• [Work instructions] Print the listing below only from the line that has "Estante de colocación" through the line that has "Black metal Side table with storage", exactly, and drop any picture.

• [Data shown]

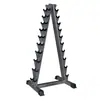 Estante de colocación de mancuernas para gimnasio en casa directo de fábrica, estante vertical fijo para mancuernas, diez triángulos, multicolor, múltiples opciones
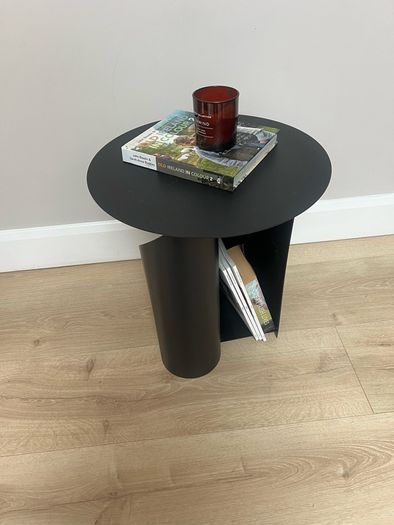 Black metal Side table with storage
...
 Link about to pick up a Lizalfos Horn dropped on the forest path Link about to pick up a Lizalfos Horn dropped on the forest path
...
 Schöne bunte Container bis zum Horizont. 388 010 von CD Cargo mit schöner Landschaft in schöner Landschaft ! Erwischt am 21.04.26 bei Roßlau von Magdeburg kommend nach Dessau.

• [Result of the exercise]
 Estante de colocación de mancuernas para gimnasio en casa directo de fábrica, estante vertical fijo para mancuernas, diez triángulos, multicolor, múltiples opciones
 Black metal Side table with storage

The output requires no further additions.